Using the Suffixed Structure, Singular nouns may form their plural by the suffixation of any of the following plural suffixes:

| Word end | Suffix |
|---|---|
| -uw, a vowel or a consonant | –āt |
| -iy | –īn |

This kind of plural is considered as regular plurals.

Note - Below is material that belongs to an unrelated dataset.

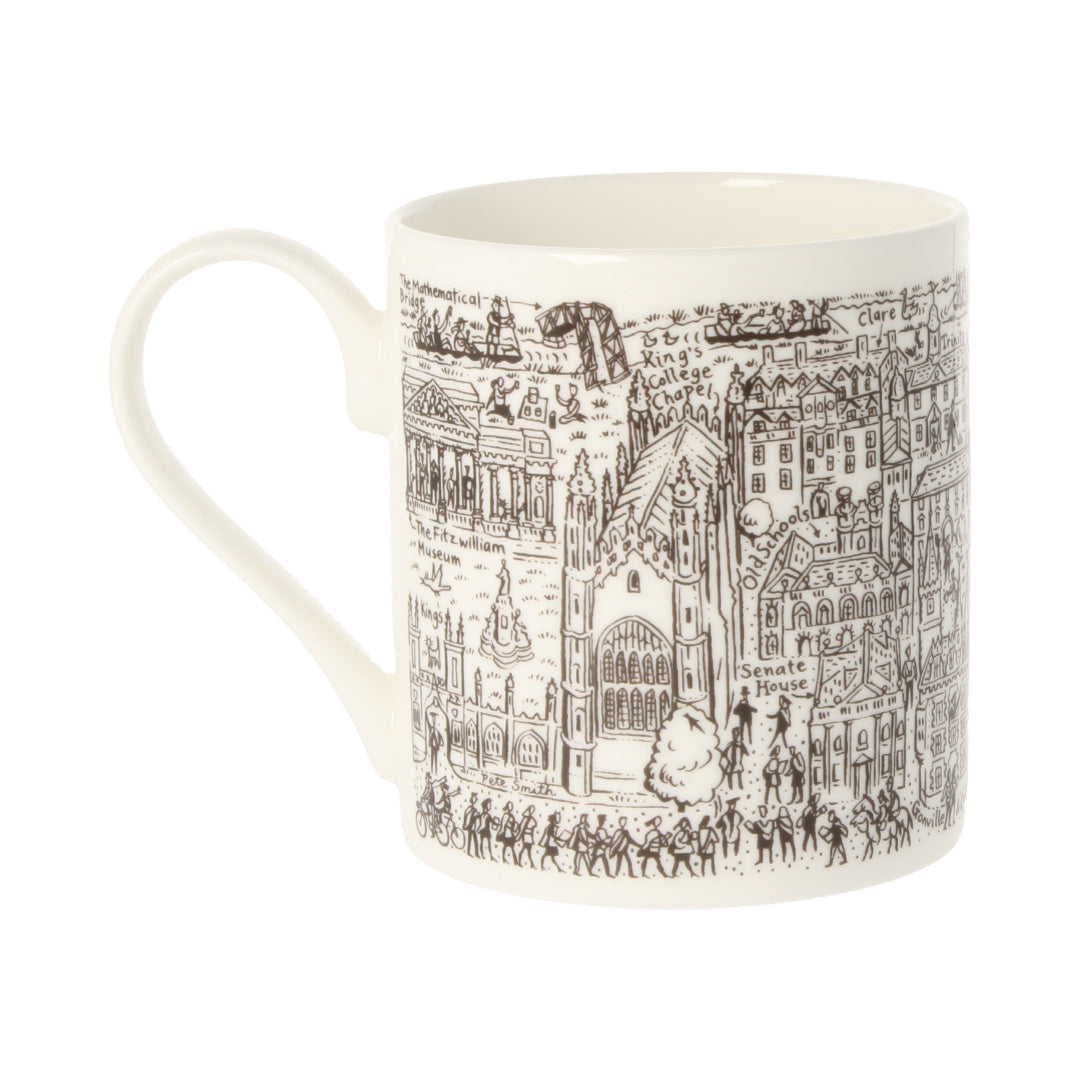 Cambridge Mug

However, There is a suffixed structure which is considered as a broken plural which is the plural of name of the noun constituted of the name of a town or a group of people and the suffix ī. This structure is done to attribute the person to a group or a city and its plural is obtained by adding ā after the second letter of the root and adding a as a suffix in the end of the word.

Using the Internal Structure, the plural in Tunisian follows the following patterns such as C is an ungeminated consonant, V is a short vowel, C: is a geminated consonant:

| Singular pattern | Plural pattern |
|---|---|
| CūC | CCāCī |
| CāC | CīCān |
| CaCCaC | CaCāCiC |
| CCaC^{5} | CCūCāt |
| CaCC^{5} | CCāC |
| CCāC | CCuC |
| CiCC | CCūC |
| CVCCVC or CVCCVCa | CCāCiC |
| CāCiC or CaCC^{5} | CCūC |
| CāCiC^{5} | CVC:āC |
| CVCC^{5} | CCūCa |
| CiCCa | CCiC |
| CCaC^{5} | uCCCa |
| CaCCa | CCaC |

 CaCC, CCaC and CāCiC could have multiple patterns as plural noun patterns. The criterion of the choice of the plural form for CaCC, CCaC and CāCiC is still not known.

==Adjectives==

===Gender===

====Masculine====
Uninflected adjectives are masculine singular. There are two main types of adjectives:
- Participial adjectives: Participles, whether real or historical, may function both as adjectives and nouns.
E.g. متغشّش mtġaššaš "angry".
- Other adjectives: These include any non-participial adjectives.
E.g. طويل ṭwīl "tall".

====Feminine====
Like participles and some nouns, adjectives form their feminine by the suffixation of a.
For example, جيعان jīɛān > جيعانة jīɛāna "hungry", سخون sxūn > سخونة sxūna "hot".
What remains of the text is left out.